1929
Lo Stato e la Chiesa nei Patti lateranensi
Uno degli ostacoli che il fascismo incontra nel suo progetto totalitario è rappresentato dalla Chiesa. Abbandonati i toni anticlericali del primo fascismo, Mussolini si mostra prodigo di riconoscimenti, che si concretizzano nella riforma scolastica del ministro Giovanni Gentile, nella quale sono previste l’insegnamento della religione cattolica nelle scuole elementari e l’introduzione dell’esame di Stato al termine di ogni ciclo di studi (misura da tempo invocata dai cattolici nella prospettiva di equiparare scuole pubbliche e private).

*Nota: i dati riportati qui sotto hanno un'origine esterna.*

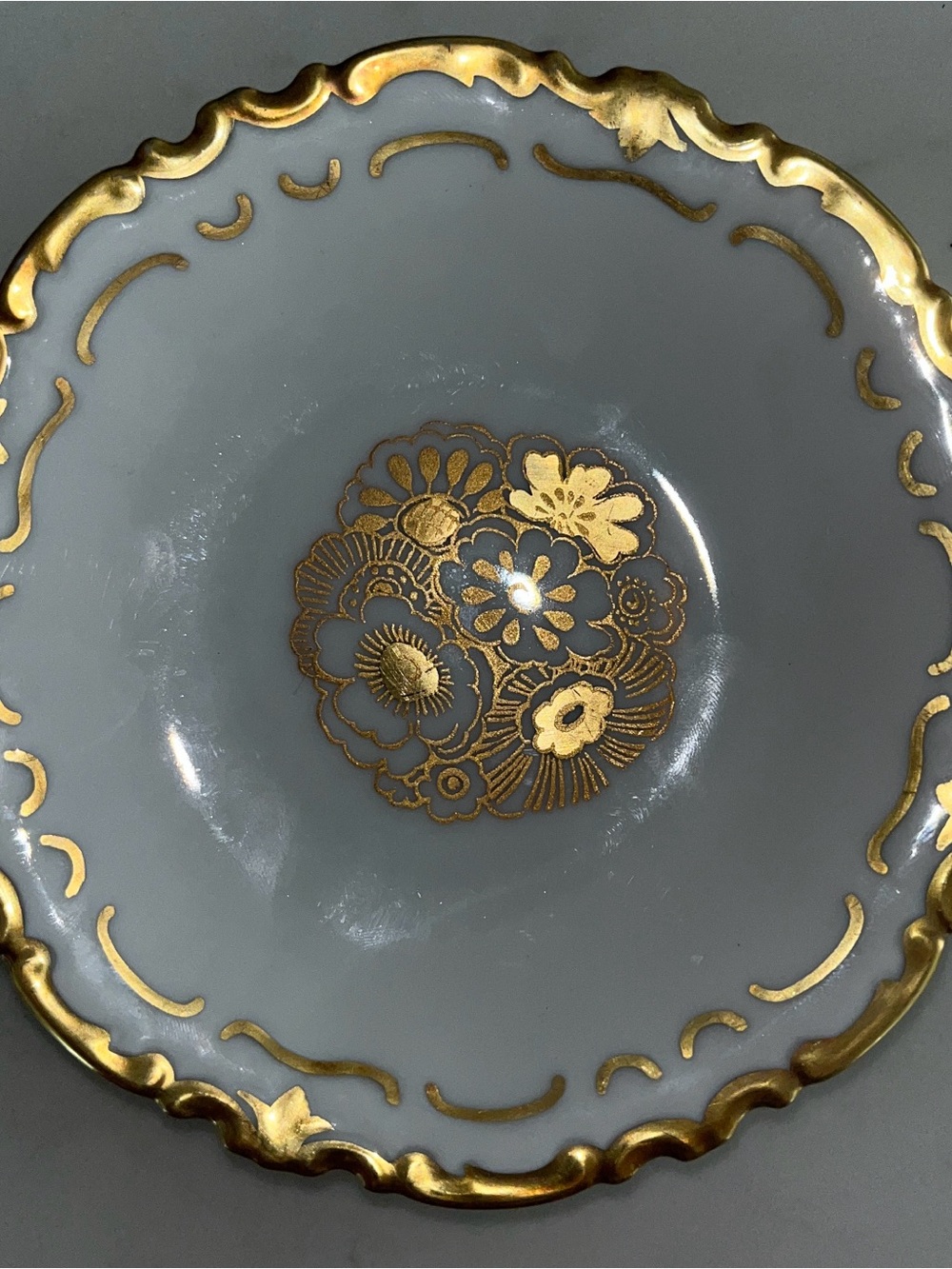Reichenbach Elegant White Porcelain Bowl with Gold Floral Accent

Dopo le dimissioni dalla guida del Partito popolare italiano di don Sturzo, considerato un ostacolo ai rapporti tra autorità fasciste e autorità ecclesiastiche, Mussolini inizia a intavolare in gran segreto, nell’estate del 1926, le trattative verso la composizione dello storico contrasto tra Stato e Chiesa. Due anni e mezzo più tardi, l’11 febbraio 1929, vengono stipulati i Patti Lateranensi, che prendono il nome dai palazzi del Laterano, luogo in cui Mussolini e il segretario di Stato vaticano, il cardinale Pietro Gasparri, si incontrano per la firma. I Patti constano di tre parti: un trattato internazionale, con cui la Chiesa pone fine alla “questione romana” riconoscendo lo Stato italiano e la sua capitale e vedendosi riconosciuta la sovranità sulla Città del Vaticano; una convenzione finanziaria con cui lo Stato italiano si impegna a risarcire la Chiesa per la perdita dello Stato pontificio; un concordato che regola i rapporti interni tra Stato e Chiesa. Tra le norme più importanti vi sono il matrimonio religioso con effetti civili e l’insegnamento della dottrina cattolica come fondamento dell’istruzione pubblica. Per il fascismo si tratta un successo anche dal punto di vista propagandistico, dal momento che il regime può presentarsi come autore di quella conciliazione nella quale avevano fallito tutti i governi liberali.